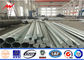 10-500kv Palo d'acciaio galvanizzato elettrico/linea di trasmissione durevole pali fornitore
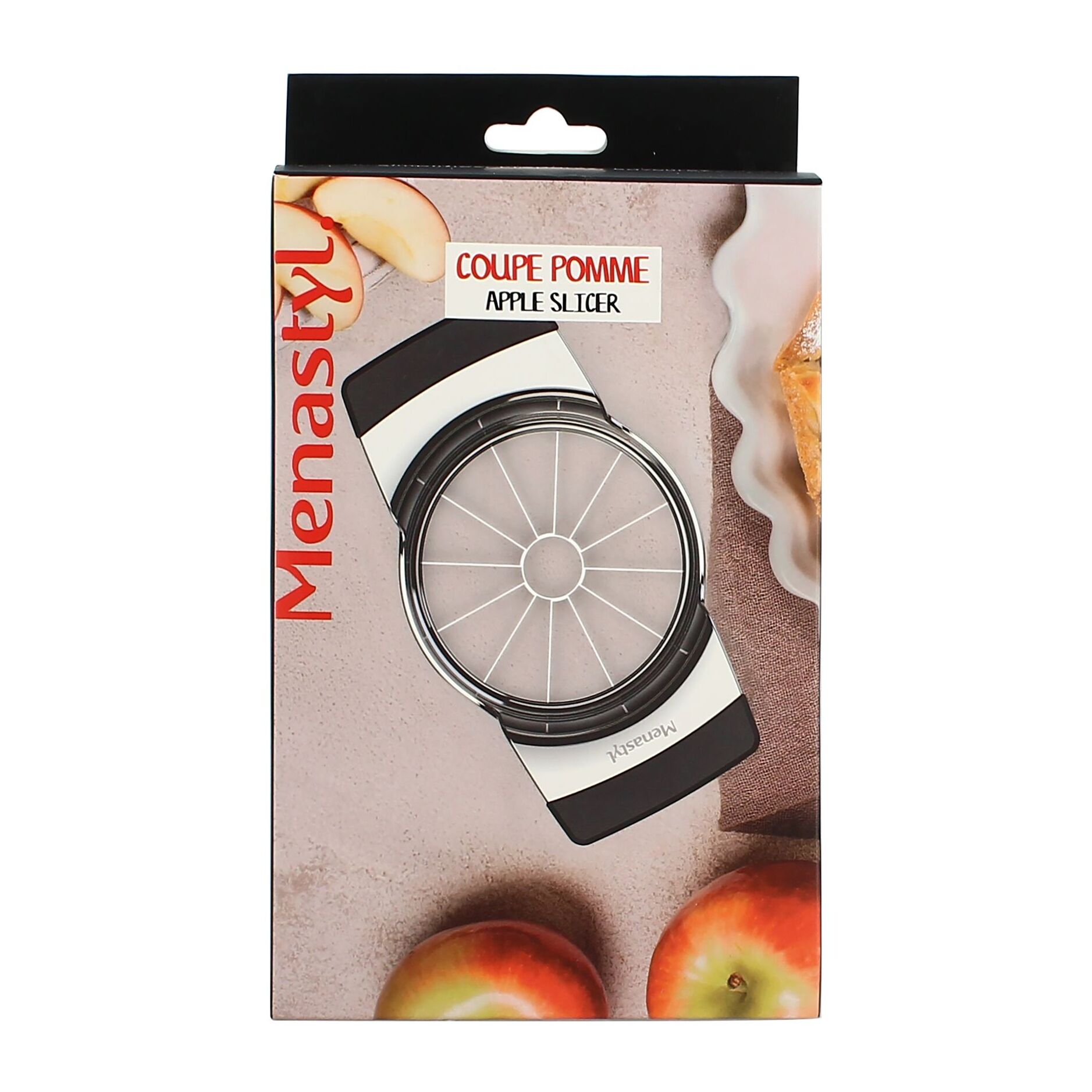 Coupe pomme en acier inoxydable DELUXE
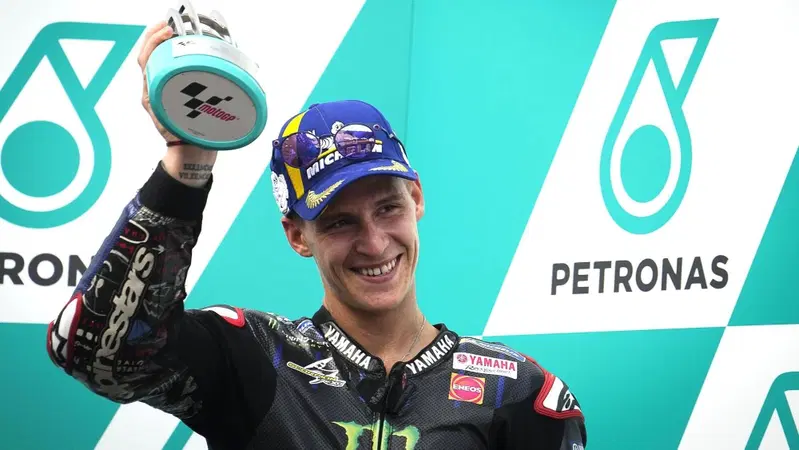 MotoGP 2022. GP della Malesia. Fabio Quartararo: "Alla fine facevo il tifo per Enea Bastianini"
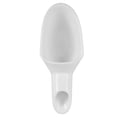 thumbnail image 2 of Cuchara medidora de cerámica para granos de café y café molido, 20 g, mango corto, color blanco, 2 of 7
...
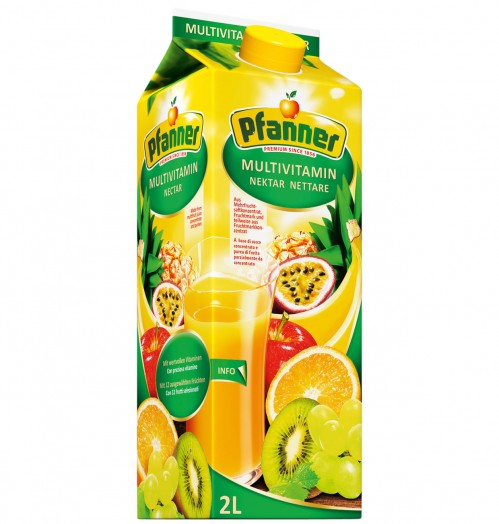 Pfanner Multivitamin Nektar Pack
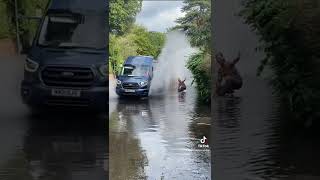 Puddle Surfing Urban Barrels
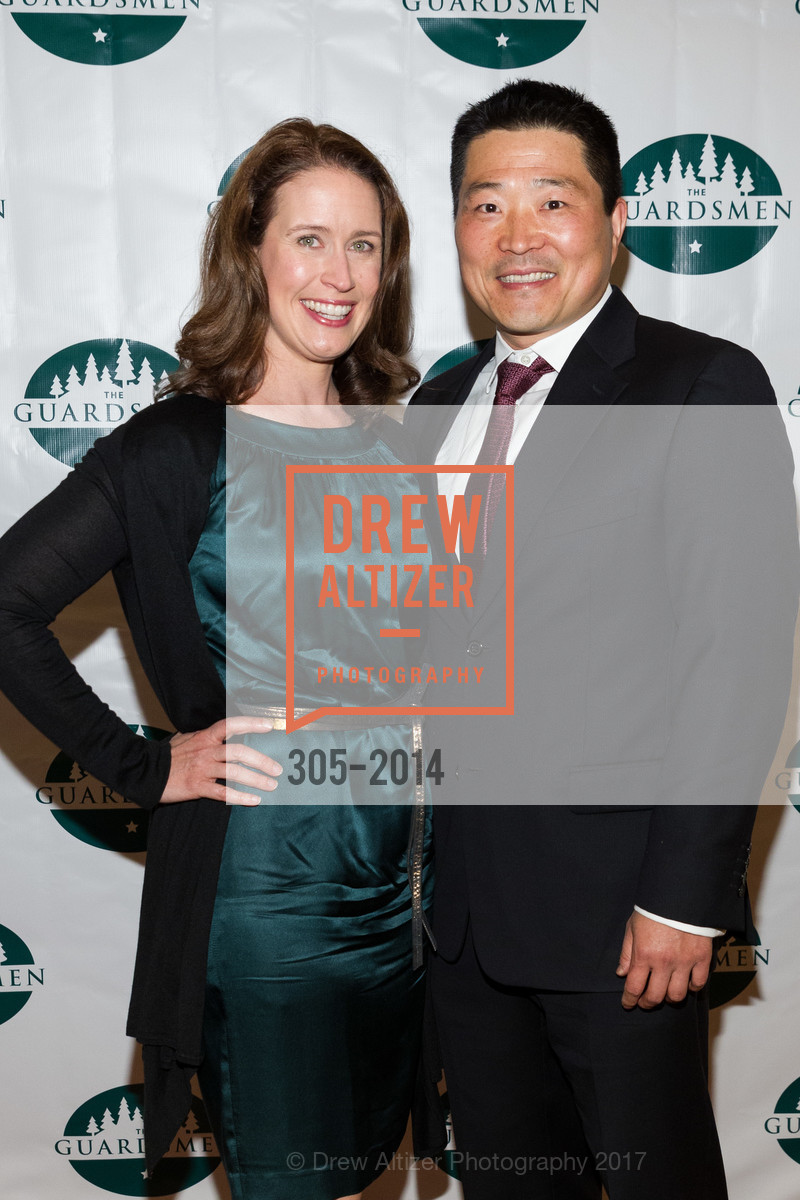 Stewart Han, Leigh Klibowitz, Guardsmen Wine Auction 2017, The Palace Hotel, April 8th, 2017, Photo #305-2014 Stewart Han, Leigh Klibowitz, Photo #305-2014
==
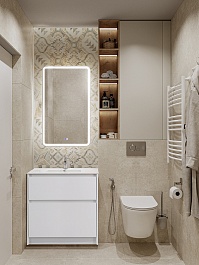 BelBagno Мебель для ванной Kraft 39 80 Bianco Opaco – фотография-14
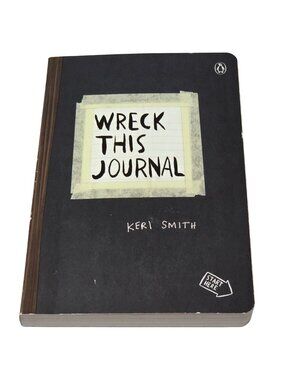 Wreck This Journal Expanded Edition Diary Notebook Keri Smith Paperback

» **WORK TO BE COMPLETED**
A clean copy is needed of the lines above from the one with "Pfanner Multivitamin Nektar Pack" up to and including the one with "Stewart Han, Leigh Klibowitz, Guardsmen". Please set it down exactly, with no pictures.

» **ANSWER BOX**
 Pfanner Multivitamin Nektar Pack
 Puddle Surfing Urban Barrels
 Stewart Han, Leigh Klibowitz, Guardsmen Wine Auction 2017, The Palace Hotel, April 8th, 2017, Photo #305-2014 Stewart Han, Leigh Klibowitz, Photo #305-2014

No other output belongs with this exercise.